RECORDS SUPPLIED:
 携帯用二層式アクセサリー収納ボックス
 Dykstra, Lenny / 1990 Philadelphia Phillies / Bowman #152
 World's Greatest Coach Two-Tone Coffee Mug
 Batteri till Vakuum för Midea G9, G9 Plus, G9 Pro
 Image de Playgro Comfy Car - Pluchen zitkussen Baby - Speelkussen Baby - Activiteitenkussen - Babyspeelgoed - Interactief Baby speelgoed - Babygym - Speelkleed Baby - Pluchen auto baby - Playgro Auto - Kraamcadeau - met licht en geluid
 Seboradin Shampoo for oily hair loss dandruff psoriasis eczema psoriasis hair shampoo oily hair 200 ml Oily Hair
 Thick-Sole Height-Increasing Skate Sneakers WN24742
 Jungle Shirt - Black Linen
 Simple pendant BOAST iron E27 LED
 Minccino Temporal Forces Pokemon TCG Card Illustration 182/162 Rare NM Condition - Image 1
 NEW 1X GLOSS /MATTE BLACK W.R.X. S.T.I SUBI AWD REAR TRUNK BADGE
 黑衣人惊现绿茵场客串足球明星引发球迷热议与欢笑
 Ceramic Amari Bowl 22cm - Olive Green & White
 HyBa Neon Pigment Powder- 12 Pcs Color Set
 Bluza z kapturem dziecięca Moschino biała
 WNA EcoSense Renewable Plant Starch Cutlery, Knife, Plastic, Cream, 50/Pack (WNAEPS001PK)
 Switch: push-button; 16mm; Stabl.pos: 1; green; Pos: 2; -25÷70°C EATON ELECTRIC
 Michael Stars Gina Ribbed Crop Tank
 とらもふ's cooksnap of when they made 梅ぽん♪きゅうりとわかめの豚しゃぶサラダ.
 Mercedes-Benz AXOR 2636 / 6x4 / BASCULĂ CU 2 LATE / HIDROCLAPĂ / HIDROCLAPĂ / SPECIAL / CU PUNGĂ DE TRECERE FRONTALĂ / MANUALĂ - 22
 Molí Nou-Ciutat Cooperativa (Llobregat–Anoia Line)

TASK INSTRUCTIONS:
Wherever the string "Image" appears in the entries, copy that line.

SOLUTION BELOW:
 Image de Playgro Comfy Car - Pluchen zitkussen Baby - Speelkussen Baby - Activiteitenkussen - Babyspeelgoed - Interactief Baby speelgoed - Babygym - Speelkleed Baby - Pluchen auto baby - Playgro Auto - Kraamcadeau - met licht en geluid
 Minccino Temporal Forces Pokemon TCG Card Illustration 182/162 Rare NM Condition - Image 1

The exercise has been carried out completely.